«D'un autre côté, en admettant ce fait, il n'aurait pas autorisé un arrêt de mort, car il n'y avait évidemment ni préméditation ni guet-apens dans le sens des articles 296 et 297 du Code pénal, l'enfant n'ayant pu prévoir l'arrivée fortuite du curé d'Irigny, dans ces circonstances, à Saint-Genis Laval. On n'eût pu prononcer, tout au plus, d'après l'article 304, que la peine des travaux forcés à perpétuité.

«3º Gaspard Berger, Jean Foy, Denis Bauchet et François Guillermin, convaincus, dit l'arrêt, d'avoir, «non-seulement par leurs cris et leurs discours, mais encore par des faits et des actions très-caractérisés, provoqué au renversement du gouvernement,» ont été condamnés à la déportation.

«Imputations vagues, comme on l'a déjà dit, et qui ne sauraient justifier une condamnation aussi terrible.

«4º Étiennette Templardon, Jean Rapet, Benoît Rivoire, Michel Rivoire, Antoine Roman, dit Lavigne, et François Thiollin, déclarés coupables d'avoir commis des actes séditieux en invoquant le nom de l'usurpateur, ont été condamnés à deux ans, trois ans et cinq ans d'emprisonnement, sauf Étiennette Templardon, dont la condamnation n'est que de trois mois.

«Au premier coup d'oeil, ces condamnations paraissent autorisées par l'article 17 de la loi prévôtale, et justifiées par l'article 10 de la loi du 9 novembre 1815; mais, pour peu qu'on y réfléchisse, on reconnaît bientôt qu'elles n'auraient pas du être prononcées.

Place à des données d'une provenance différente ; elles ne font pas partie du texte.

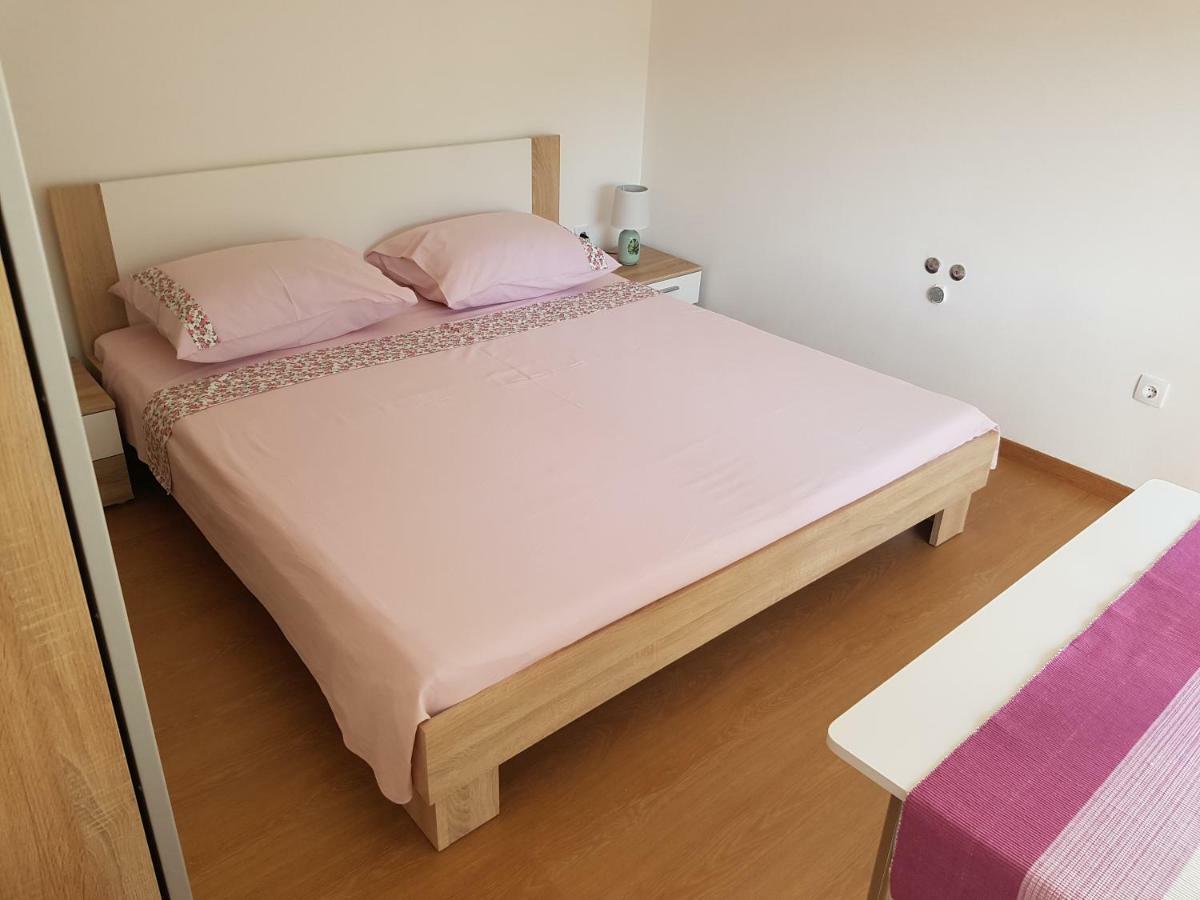 Apartments And Rooms Rosemari Mali Lošinj Exterior foto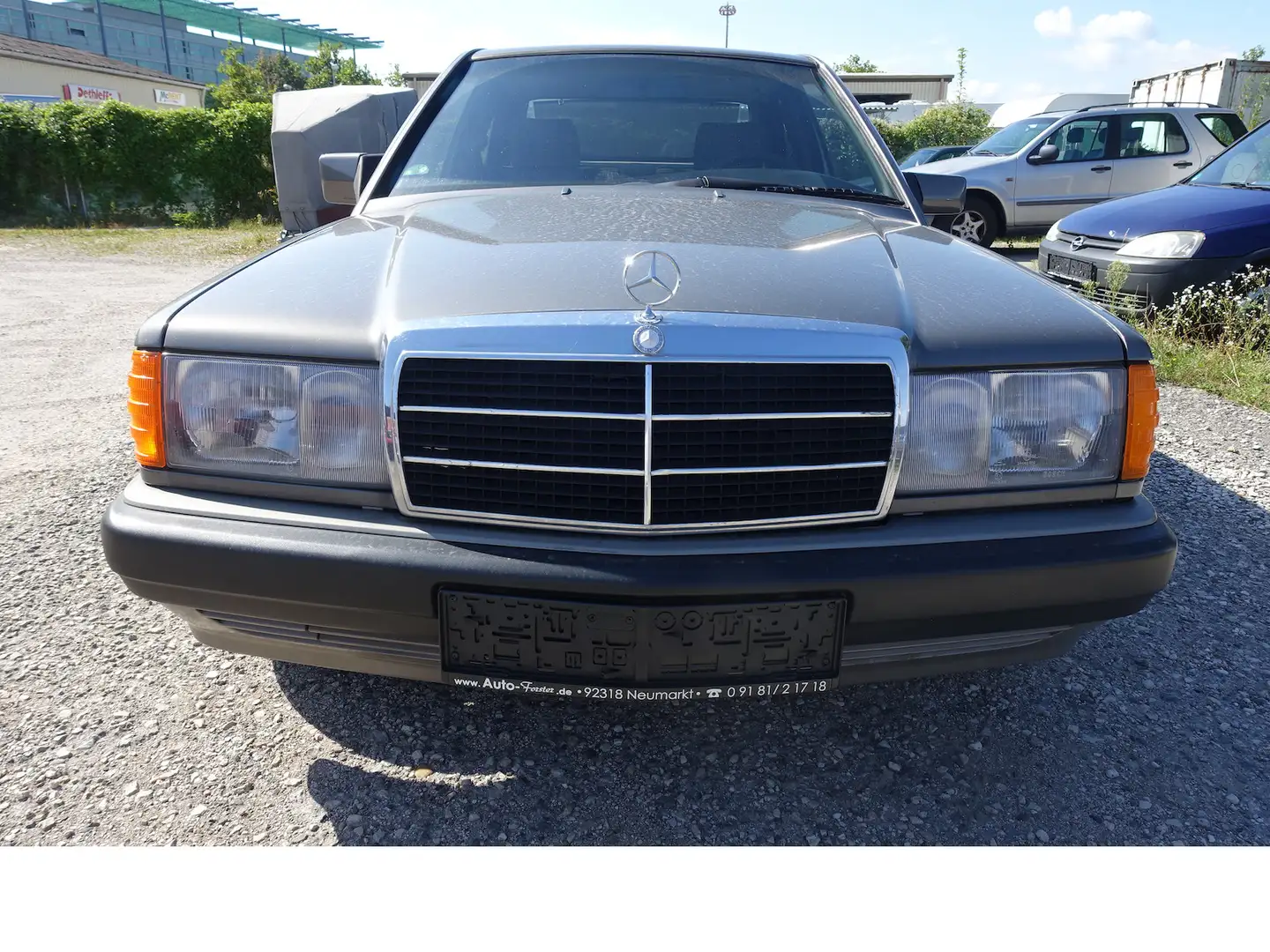 Mercedes-Benz 190 E 2.3 H-Kennz. Oldtimer eSHSD Verschl-t. neu gt Zu Grau - 2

«Ces actes séditieux faisaient partie de la sédition principale. Or, puisque l'article 100 du Code pénal accordait leur pardon à tous ceux qui, n'ayant point exercé d'emploi, avaient été saisis sans résistance et sans armes, comme tous ces accusés, hors de la réunion séditieuse, il n'était pas permis d'éluder cette disposition. Le plus grave des actes séditieux était la sédition même; l'attroupement ne pouvait donc pas être puni en partie quand la loi pardonne pour le tout.

septième arrêt.--25 juillet.

«Dix-neuf individus mis en jugement.

«Tous accusés, dit l'arrêt, d'avoir participé à l'attentat dont le but était de détruire ou de renverser le gouvernement, etc., etc...; d'avoir fait partie des bandes qui se sont formées, le 1er juin, à la Serrandière, et, le 8, dans la commune d'Amberieux; d'avoir levé et organisé les bandes; d'y avoir rempli divers emplois ou commandements; d'avoir accepté différentes missions relatives à l'insurrection.»

«Accusation illégale quant au crime d'attentat, puisque la cour prévôtale n'était pas juge. Quant aux autres faits, ils sont déclarés communs à tous les accusés. Cependant il est bien aisé de voir que tous les accusés n'ont pas pu lever la même bande, c'est-à-dire se commander eux-mêmes; que tous n'ont pu y commander ou y remplir des emplois en même temps.